Imagine an object ${\displaystyle {\mathcal {O}}}$ that is free to move in one dimension — say, along the ${\displaystyle x}$ axis. Like every physical object, it has a more or less fuzzy position (relative to whatever reference object we choose). For the purpose of describing its fuzzy position, quantum mechanics provides us with a probability density ${\displaystyle \rho (x).}$ This depends on actual measurement outcomes, and it allows us to calculate the probability of finding the particle in any given interval of the ${\displaystyle x}$ axis, provided that an appropriate measurement is made.

We call ${\displaystyle \rho (x)}$ a probability density because it represents a probability per unit length.

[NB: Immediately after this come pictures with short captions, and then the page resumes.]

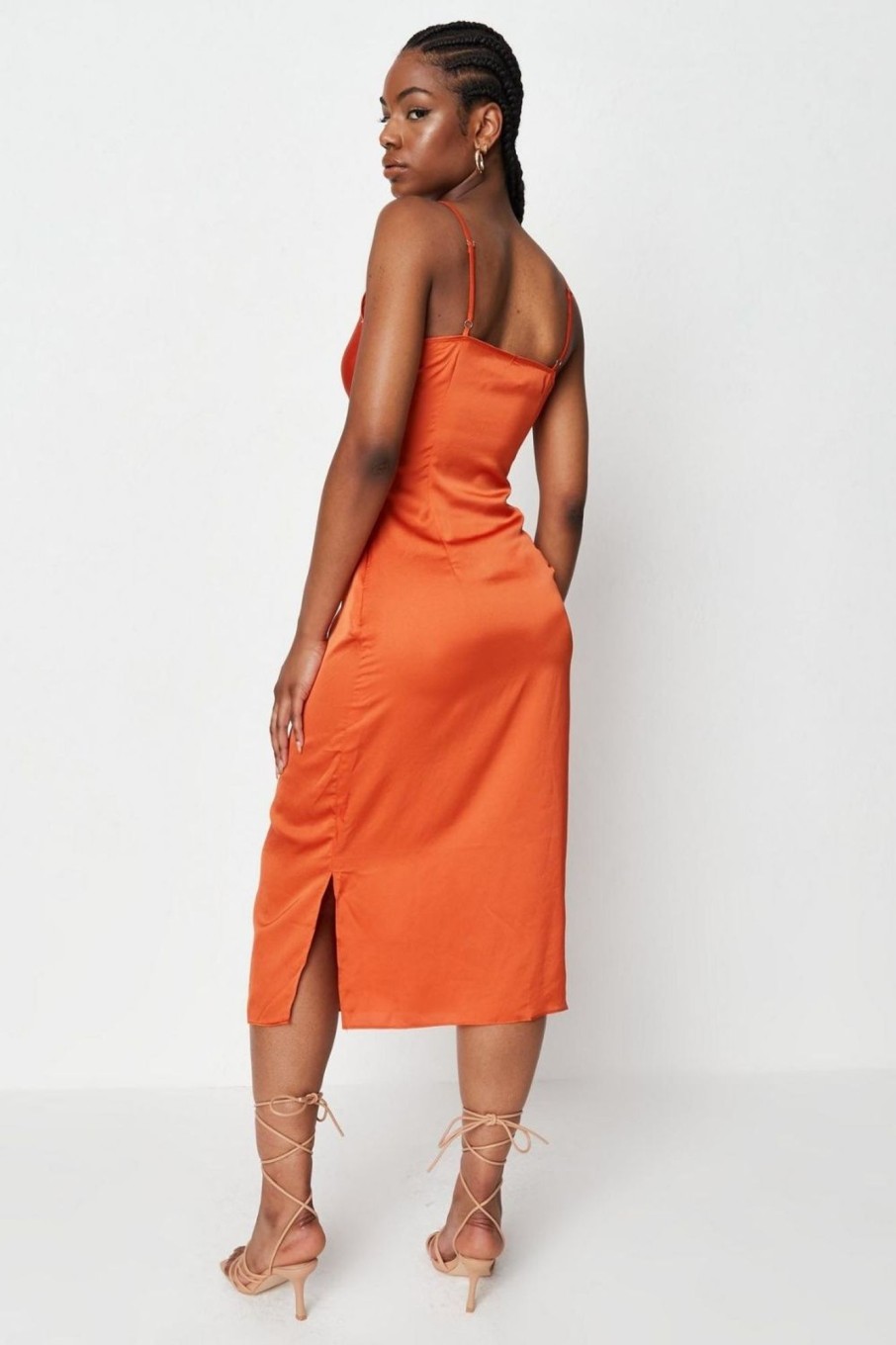 Women Styched Fashion | Orange Cowl Neck Dress Up Midi Dress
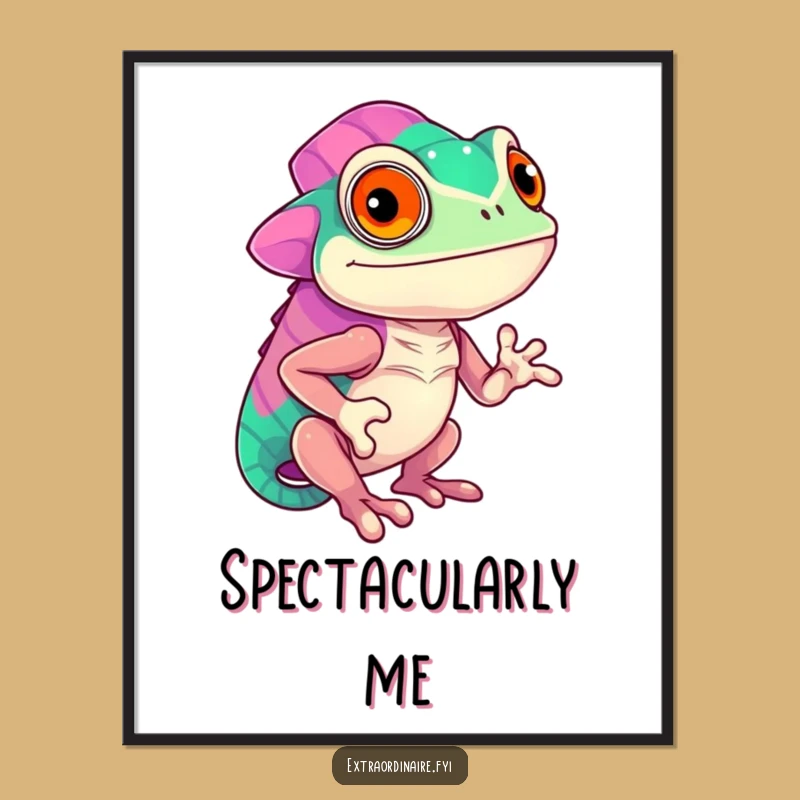 Funny Chameleon Color Digital Art - Instant Download of Vibrant Expression
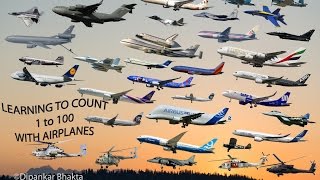 Kids learning Counting numbers 1 to 100 with airplanes HD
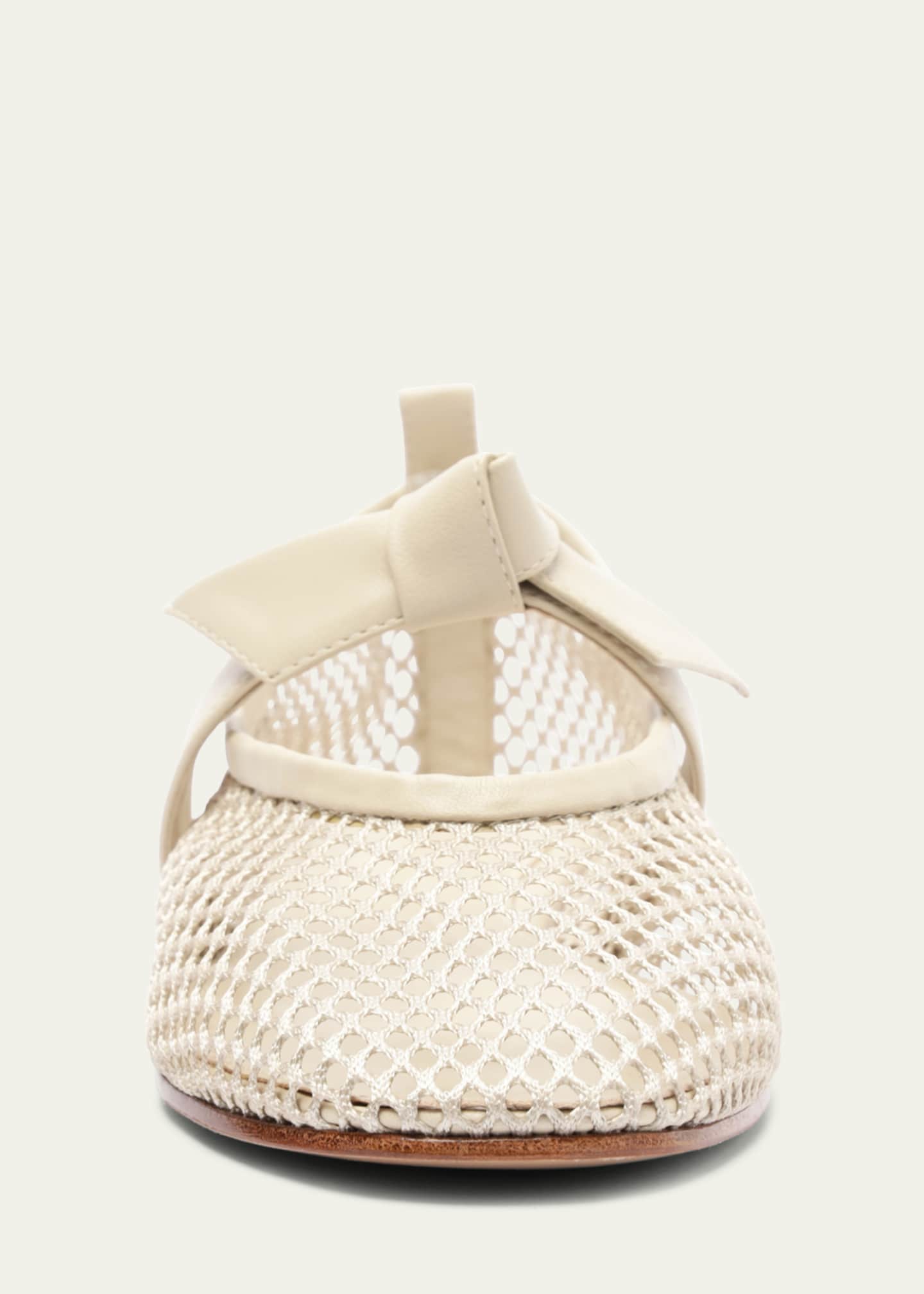 Alexandre Birman Clarita Bow Fishnet Ballerina Flats Image 5 of 5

The probability of finding ${\displaystyle {\mathcal {O}}}$ in the interval between ${\displaystyle x_{1}}$ and ${\displaystyle x_{2}}$ is given by the area ${\displaystyle A}$ between the graph of ${\displaystyle \rho (x),}$ the ${\displaystyle x}$ axis, and the vertical lines at ${\displaystyle x_{1}}$ and ${\displaystyle x_{2},}$ respectively. How do we calculate this area? The trick is to cover it with narrow rectangles of width ${\displaystyle \Delta x.}$

The area of the first rectangle from the left is ${\displaystyle \rho (x_{1}+\Delta x)\,\Delta x,}$ the area of the second is ${\displaystyle \rho (x_{1}+2\,\Delta x)\,\Delta x,}$ and the area of the last is ${\displaystyle \rho (x_{1}+12\,\Delta x)\,\Delta x.}$ For the sum of these areas we have the shorthand notation

${\displaystyle \sum _{k=1}^{12}\rho (x+k\,\Delta x)\,\Delta x.}$

It is not hard to visualize that if we increase the number ${\displaystyle N}$ of rectangles and at the same time decrease the width ${\displaystyle \Delta x}$ of each rectangle, then the sum of the areas of all rectangles fitting under the graph of ${\displaystyle \rho (x)}$ between ${\displaystyle x_{1}}$ and ${\displaystyle x_{2}}$ gives us a better and better approximation to the area ${\displaystyle A}$ and thus to the probability of finding ${\displaystyle {\mathcal {O}}}$ in the interval between ${\displaystyle x_{1}}$ and ${\displaystyle x_{2}.}$ As ${\displaystyle \Delta x}$ tends toward 0 and ${\displaystyle N}$ tends toward infinity (${\displaystyle \infty }$), the above sum tends toward the integral

${\displaystyle \int _{x_{1}}^{x_{2}}\rho (x)\,dx.}$

We sometimes call this a definite integral to emphasize that it's just a number. (As you can guess, there are also indefinite integrals, about which more later.) The uppercase delta has turned into a ${\displaystyle d}$ indicating that ${\displaystyle dx}$ is an infinitely small (or infinitesimal) width, and the summation symbol (the uppercase sigma) has turned into an elongated S indicating that we are adding infinitely many infinitesimal areas.

Don't let the term "infinitesimal" scare you. An infinitesimal quantity means nothing by itself. It is the combination of the integration symbol ${\displaystyle \textstyle \int }$ with the infinitesimal quantity ${\displaystyle dx}$ that makes sense as a limit, in which ${\displaystyle N}$ grows above any number however large, ${\displaystyle dx}$ (and hence the area of each rectangle) shrinks below any (positive) number however small, while the sum of the areas tends toward a well-defined, finite number.